Install lip seal in bowl counter bore with the lip facing forward. This seal does not keep oil in; it keeps debris and high pressure water out of the bowl bearing.
Note: Worn bowl vanes may be renewed by filing the dings and blunt edges off until there is a fine edge facing the water. The bowl vanes should be dressed so all the edges are the same distance from the front of the bowl.

Impeller and Wear Ring

Remove the impeller nut (#32) using a 1-13/16" box end wrench or a 1-13/16" socket which has been modified so it will slip over the impeller shaft and has a holding handle welded on.

The impeller nut is a right hand thread and turns counter clockwise for removal

Note: In cases where the impeller nut is frozen to the shaft due to extensive immersion in salty or chemically tainted water, it may be necessary to use a penetrating oil, apply heat, or even use a torch to cut the nut. Since the impeller shaft is stainless steel, careful application of a cutting torch will not damage the shaft or shaft threads. Use caution!

The impeller has a cast in groove on the hub. Use a puller with three or four inside jaws to grip the hub indent. Tighten the jacking screws and give it a blow with a ball peen hammer. It may be necessary to repeat this procedure several times before the impeller breaks loose. Liberal use of a penetrating oil may be required.

Note: The impeller fits on a straight shaft section with a long keyway. There is a shoulder on the shaft which the front of the impeller hub rests against when the impeller is fully seated.
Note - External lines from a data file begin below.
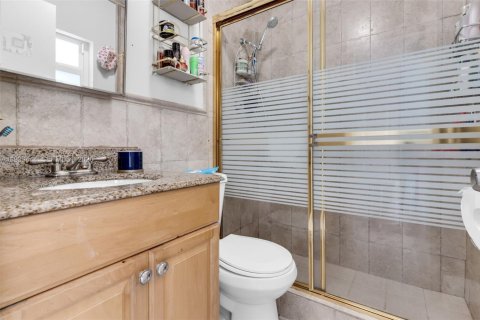 Villa ou maison à vendre à Miami, Floride: 4 chambres, 171.22 m2 № 1996887 - photo 19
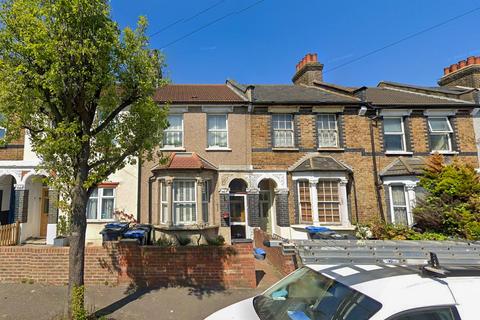 3 bedroom house to rent, Dundee Road, London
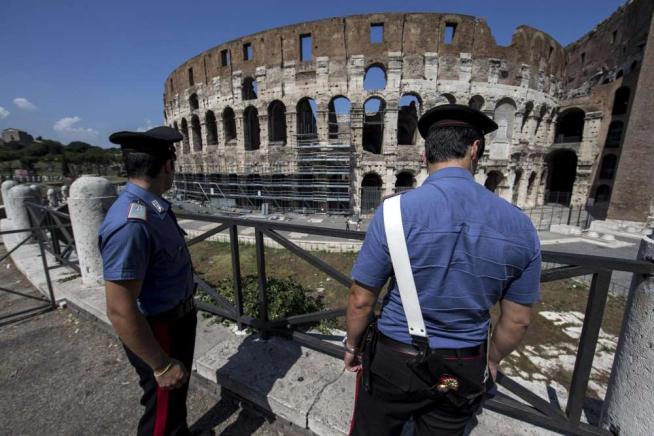 Voleva farsi un selfie col Colosseo: 18enne cade e batte la testa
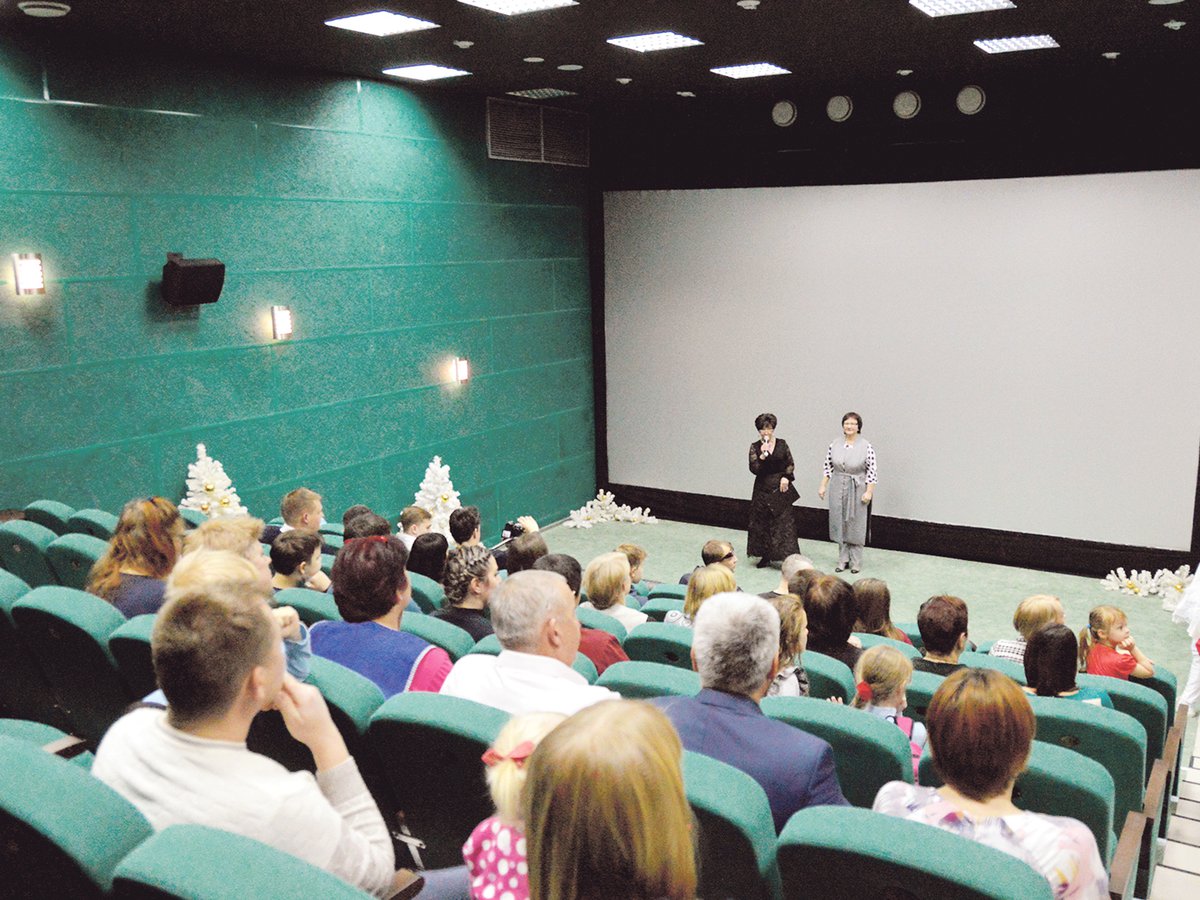 Премьерный показ прошёл в кинозале «Семейный» ФОКа «Баташев Арена»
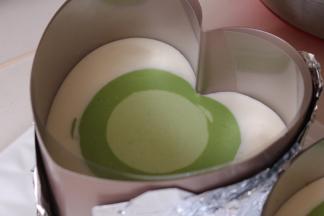 心形模具也倒入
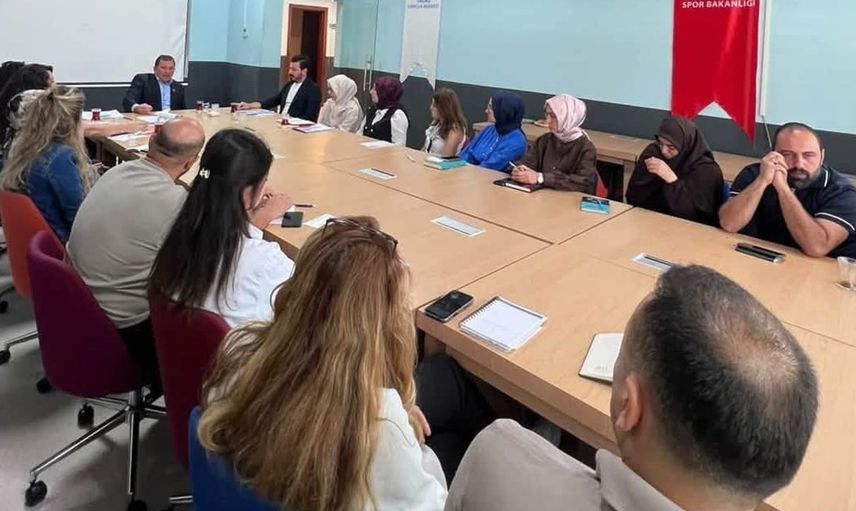 Talas Gençlik Merkezi'nde gençlik faaliyetleri istişaresi yapıldı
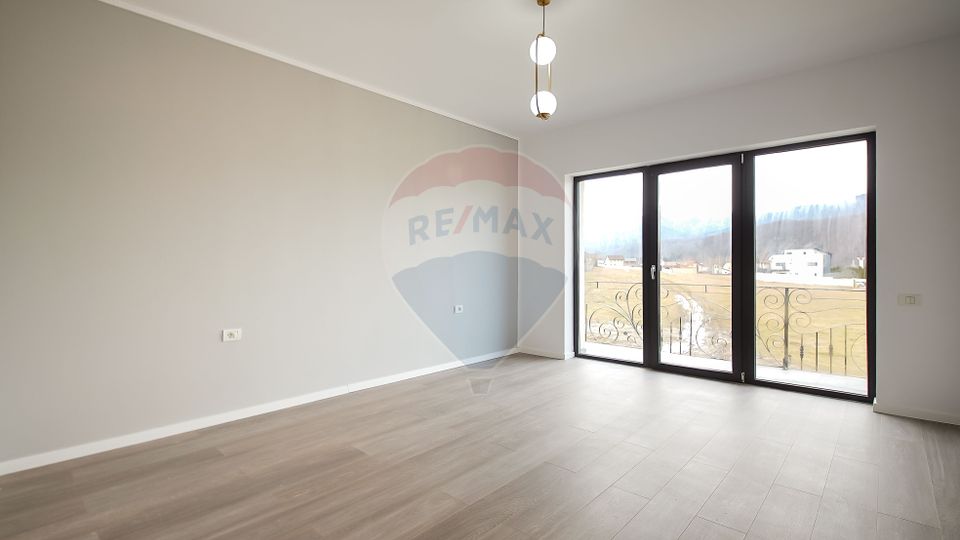 Casă modernă Bunloc, vedere Bucegi, 186 mp, comision 0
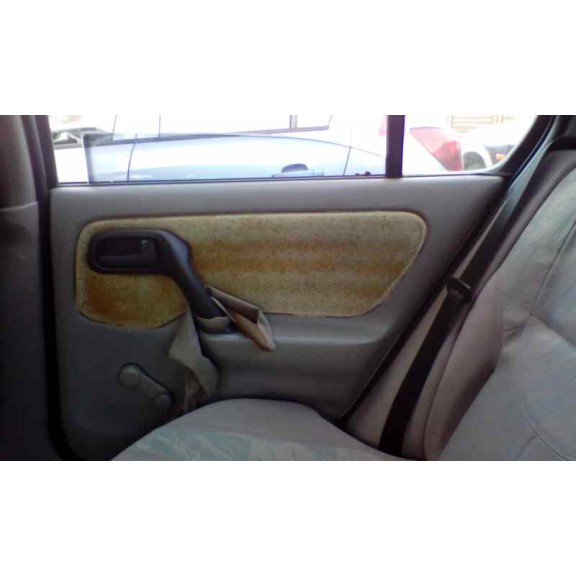 nissan primera berlina (p11) del año 2001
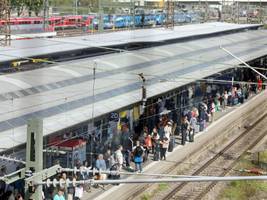 deutsche bahn: halt entfällt – zug schon voll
Inspect the impeller for broken blade, cracks or excess wear on the wear ring seal area and dinged or chipped leading edges on the impeller blades.

a. The wear ring area may be dressed if there are grooves worn in it and a new wear ring sized to fit the smaller diameter.
b. Small nicks and dings or sand worn impeller blade leading edges may be renewed using a small die grinder, hand files and crocus cloth.

The proper blade shape is similar to an airfoil with the flat side on the top of the blade and the curved shape on the underneath side of the blade when you look at the impeller from the front. The edge should not be knife sharp, but finished to about a 1/32nd radius. Try to keep the leading edges of the blades all the same length.

Remove the wear ring & insulator (#13 & #14) from the suction piece by prying the parts out. This is facilitated with a small rolling head pry bar. You will remove the wear ring and the plastic liner.

a. Discard the wear ring and insulator if worn.
b. Install a new wear ring and insulator in standard or undersized fit, according to the impeller eye size of your impeller. The wear ring should have rotating clearance only, when the impeller is installed.
c. Check final fit by slipping the impeller into the installed wear ring and rotating the impeller.
d. Re-check fit after the bowl is installed.

Reinstall the impeller in reverse order.

a. Use brown Loctite or Neverseize on the shaft and key, then slide the impeller onto the shaft with the key started into the keyway.
b. Use a tube type driver which fits over the impeller hub and seat the impeller tight against the shaft shoulder.
c. Install the impeller nut and tighten it to about 75 foot pounds or until the impeller is seated against the shaft shoulder.

Note: If you drive the impeller onto the shaft with excess force and the front of the shaft is not supported, your hammer blows will be transferred to the thrust bearing and small flats will be made on the ball bearing along with dents in the bearing races. Result: premature thrust bearing failure. The impeller should be a hand to light press fit on the shaft.

d. Shaft and bearing assembly repairs or replacement are possible once you have removed the impeller and the suction piece out of the boat, or the engine has been removed.
1. Removal of the entire jet drive or suction piece assembly only are preferable to pulling the engine.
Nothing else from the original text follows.